> On 08 Sep 2015, at 15:53, Eliot Miranda <[email protected]> wrote:
>
> Hi Marcus,
>
> On Tue, Sep 8, 2015 at 6:28 AM, Marcus Denker <[email protected]
> <mailto:[email protected]>> wrote:
>
>> On 08 Sep 2015, at 15:19, Eliot Miranda <[email protected]
>> <mailto:[email protected]>> wrote:
>>
>>
>>
>> On Tue, Sep 8, 2015 at 5:13 AM, Marcus Denker <[email protected]
>> <mailto:[email protected]>> wrote:
>> Yes, we do name analysis on the AST before coloring it…
>>
>> Even worse than the transcript output are
>>
>> -> it adds everything into Undeclared
>> -> Playground colors variables wrong that the playground knows as the name
>> analysis does
>> not setup the requestorscope correctly.
>>
>> I will add issue tracker entries…
>>
>> Alternatively one could simply use Shout, a specialized parser for syntax
>> highlighting that is simple, efficient, mature and customizable.
>>
>
> The idea was to reduce the amount of Parsers (and models of methods) in the
> system…
>
> I understand that.
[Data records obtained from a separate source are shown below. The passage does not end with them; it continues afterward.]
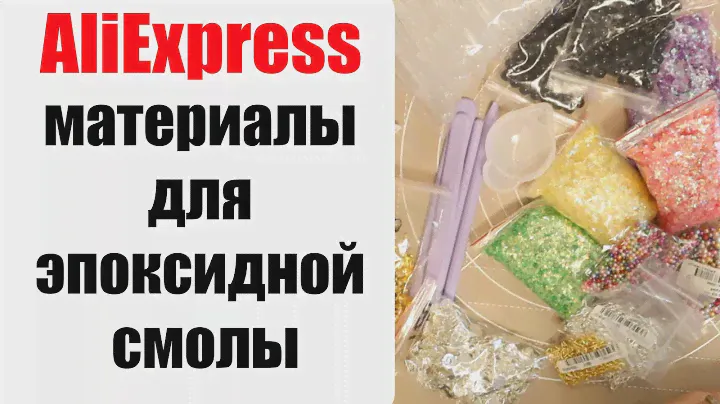 Распаковка товаров для смолы с АлиЭкспресс:  блестки, фурнитура, расходники
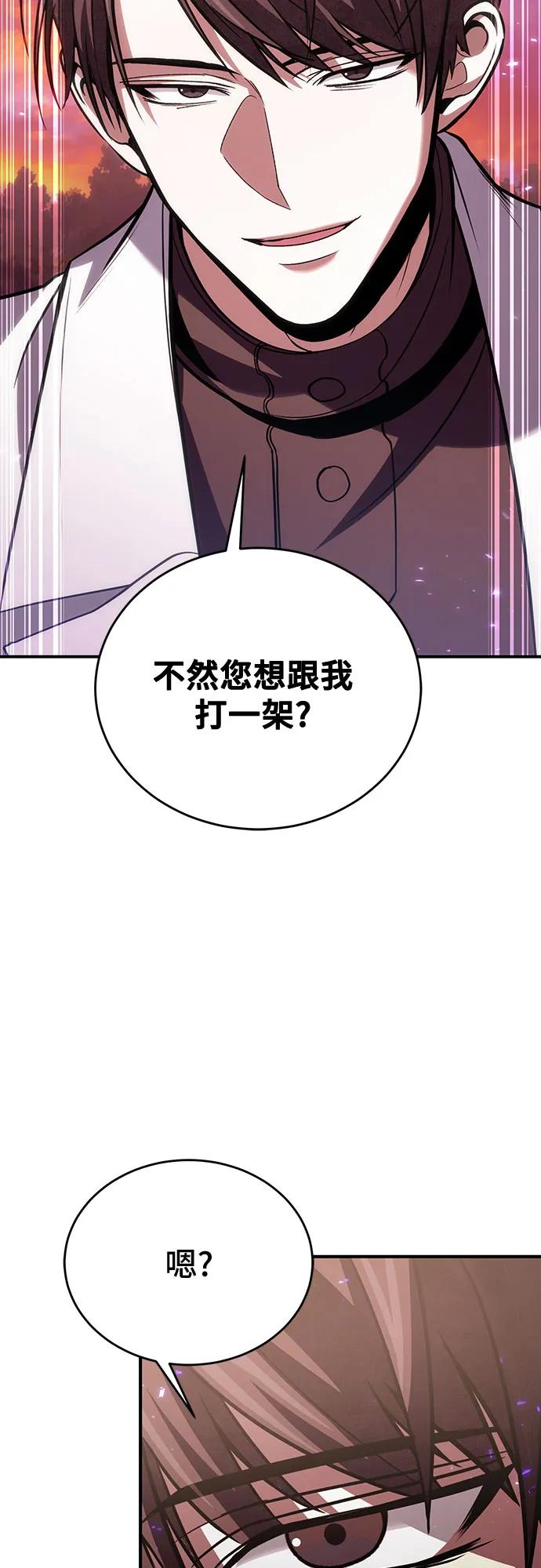 第84话2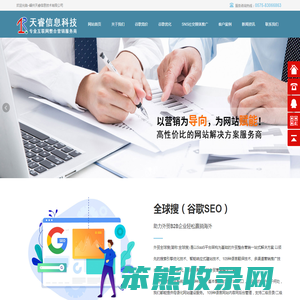 绍兴谷歌推广｜宁波google优化｜浙江台州外贸推广｜湖州海外推广｜嵊州天睿信息技术有限公司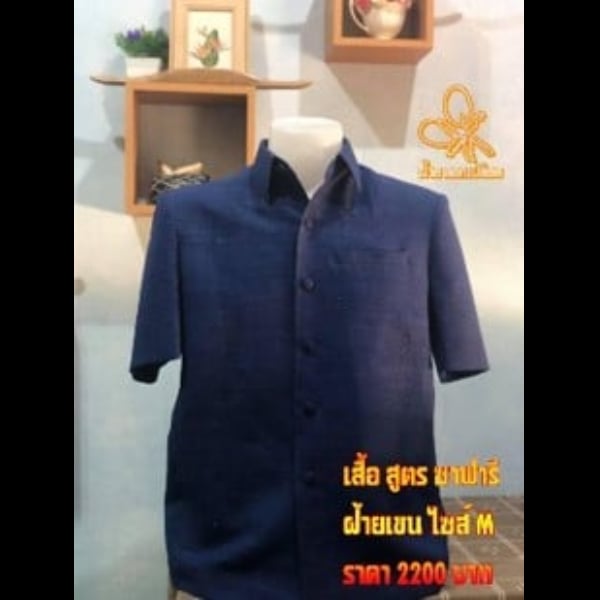 เสื้อสูท ซาฟารี ผ้าฝ้ายเขน sz M L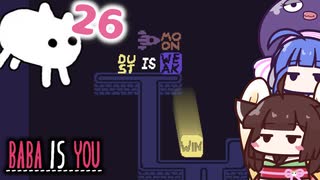 【BABA IS YOU #26】今度は文字も落っこちるんかい！！【VOICEROID実況】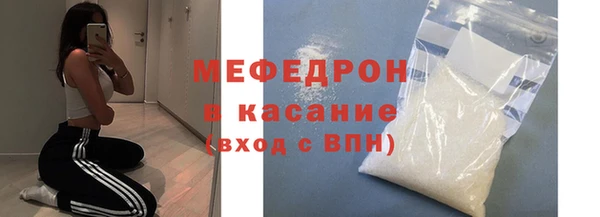 героин Козловка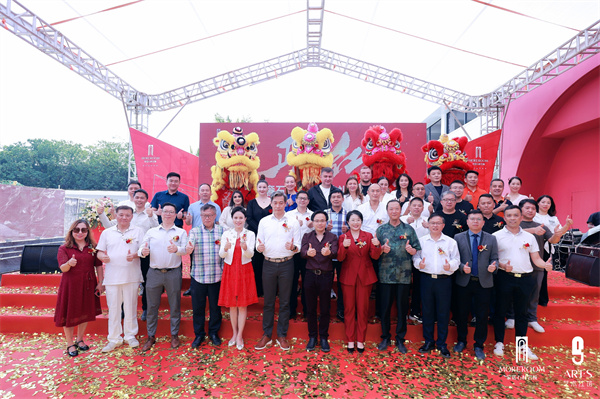 Red in Times 正当红 | 新契机 新赛道 新风向 奢石博物馆开馆礼暨【蒙诺石材岩板】全球总部开业盛典圆满成功
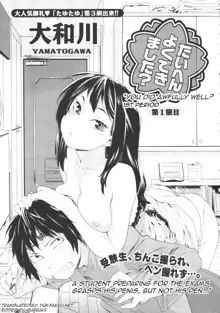 Taihen Yokudekimashita Ch. 1-3, English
But parsing for code generation is very different from
> the quick and simple parsing for syntax highlighting that Shout provides, and
> if one ends up complicating the former to make it encompass the latter then
> maybe that's not such a good idea. I'd rather have a number of smaller
> simpler parsers than one great big complex difficult to understand and full
> of special cases parser (think... Morphic). Just a thought.
Yes… but the Shout parser is actually not that simple.
SHParserST80 package linesOfCode “2581”
And if you then see how much work the completion system has to do to get
structural information out of the token stream it that is already in a normal
AST by default…
Until now the only real change to the RB Parser is the feature to generate an
error node for syntactically wrong input.
(#parseFaultyExpression/#parseFaultyMethod).
Everything else was ok as is. The AST is unchanged (and we therefore use the
same AST for the RB Engine, the Compiler and the syntax highlighter).